Intersectionality is more than a buzzword.
So probably around 10 months ago, I wrote about intersectionality and the importance of remembering the intersections of identities. I quoted Audre Lorde in that post who said something along the lines that we can’t focus on single issues because no one lives a single issue life. We all face multiple issues based on the intersectionality of our identities. I face the world as someone who’s queer and neuroatypical but also face it with my whiteness and class standing. All of those identities (and so many others) impact the way in which I experience the world and it’s difficult (almost impossible) to tease one identity away from another.
During the last several months since I wrote that original post, I still think intersectionality is important and has to be more than just a buzzword or a label in academic circles or ignored completely. White Feminism™ is, for example, particularly great at ignoring intersectionality and focusing primarily on the issues faced by middle class cis white women. And in some instances, when intersectionality is acknowledged, it’s seen as divisive. As Kirstin Moe writes, defending the concept:
Some call intersectionality “divisive,” because they believe it highlights the differences between people rather than the similarities. But it doesn’t have to be that way. The meaning of the term has evolved from a way of describing the problem—the interactions between different forms of oppression—to a way of describing the solution.
Kimberlé Crenshaw was the first to give the lived reality the name intersectionality back in 1989 after black women brought a discrimination suit against General Motors (and unfortunately lost). She started the term as a way to describe the lived reality of black women, whose race and gender intersected in a way where they experienced both racism and sexism but legally, black women couldn’t be protected for that double experience. While intersectionality is now a way to describe a lived reality and is a term that is used more and more, Crenshaw wrote about how there’s still so much work to be done and how intersectionality can’t keep waiting.
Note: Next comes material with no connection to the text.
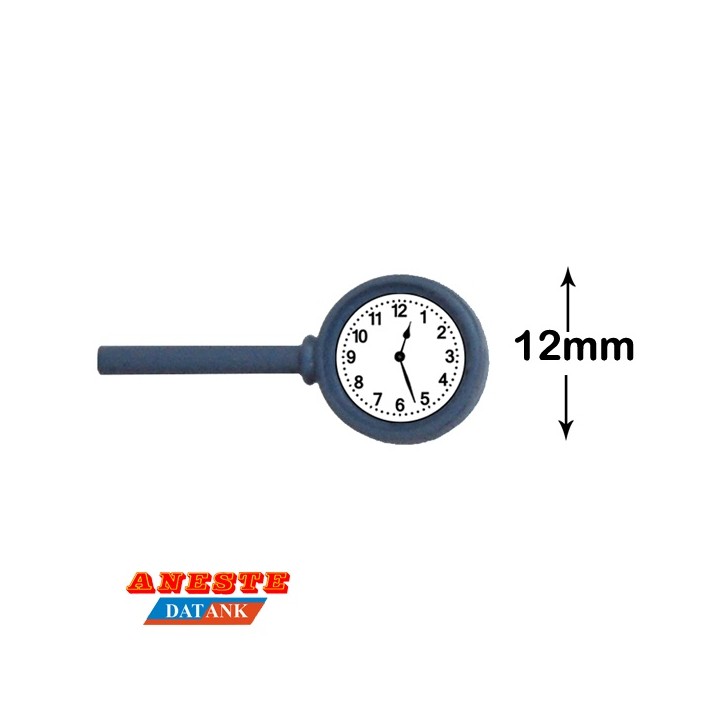 RELOJ DE PARED ANESTE N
And Crenshaw is totally right – we as a society have to acknowledge the ways in which multiple identities and -isms intersect to impact the lives of so many. The #WeCantWait Campaign and #SayHerName both call for inclusive approaches to racial justice, feminism, and other social justice movements and acknowledge the ways in which black women experience police brutality and many -isms (like racism and sexism).
We have to acknowledge intersectionality within all circles of society because black women are not the only ones to experience it. We have to realize that people of color can be a part of the LGBTQ+ community, that feminism has to include more than just white women, that all black lives matter. I think that the mainstream LGBTQ+ community and mainstream (white) feminism have gotten particularly great at ignoring intersectionality issues.
Inclusive feminism is diverse and necessary because rather than being divisive, acknowledging our differences can bring the more marginalized out of the shadows. We have to be willing to talk about the ways in which racism impact women of color (particularly black women), how the LGBTQ+ community isn’t totally white, how age impacts people (like how LGBTQ+ seniors and elders do in fact exist and face challenges). And we have to do more than talk the talk – we have to work on making spaces more inclusive and accessible as well. We have to start working on centering marginalized voices rather than just using them as a way to be inclusive as well.
Of course I don’t have all the answers and there is still much more about intersectionality to acknowledge, talk about, and work on. There are issues around how Native American populations experience poverty, how class and ableism balance between each other, how higher education can be extremely elitist, how we need to center women of color in the debate about Planned Parenthood.